Each year about one-half million men in the United States choose
vasectomy as their method of birth control.
How a vasectomy works
Sperm are made in the testes and stored in the distal portion of
the epididymis. At the time of ejaculation, sperm travel through
the vas deferens out through the ejaculatory ducts, (joined by fluid
from the prostate and seminal vesicles) and out through the urethra.
A vasectomy divides the vas and interrupts the sperm from getting
to the ejaculatory ducts. Because most of the fluid in the ejaculate
is made in the seminal vesicles and prostate, even after vasectomy,
the ejaculate volume will be maintained.
The vasectomy procedure:
Vasectomy is generally performed in the office. The procedure takes
about 30 minutes. Patients are given a local anesthetic and a sedative
by mouth. No-scalpel vasectomy techniques have been popularized;
however, the major difference of this technique is to use a sharp
clamp, rather than a scalpel to make the skin opening. A portion
of the vas is generally removed. The ends of the vas are clipped
and sealed by heat (cauterized) to prevent auto-reversal. It takes
about fifteen ejaculations to clean out all the residual sperm from
the ejaculatory ducts. Two negative semen analyses are required
after the procedure before patients are allowed to have unprotected
relations.
Vasectomy and Prostate
Cancer
In the past 10 years, there have been 14 major studies investigating
a possible relationship between vasectomy and prostate cancer have
been published. These studies were reviewed in the August, 1998
issue of Fertility and Sterility (Bernal-Delgado et al; p 191-200).

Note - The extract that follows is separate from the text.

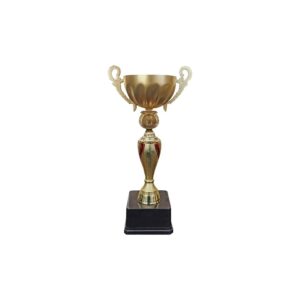 Copa JN, foto 4 - Copas | MerchLAB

Only 6 studies found a statistically significant association; however,
all of the studies were found to have significant methodologic problems,
especially the 6 studies.
Methodologic
problems included bias in selection of study participants, in obtaining
information about the participants and in confounding the vasectomy-prostate
cancer relationship. For example, men who have their vasectomy performed
by a urologist may be see a urologist more often than men who have
not, and therefore may have an assymptomatic cancer picked up ealier.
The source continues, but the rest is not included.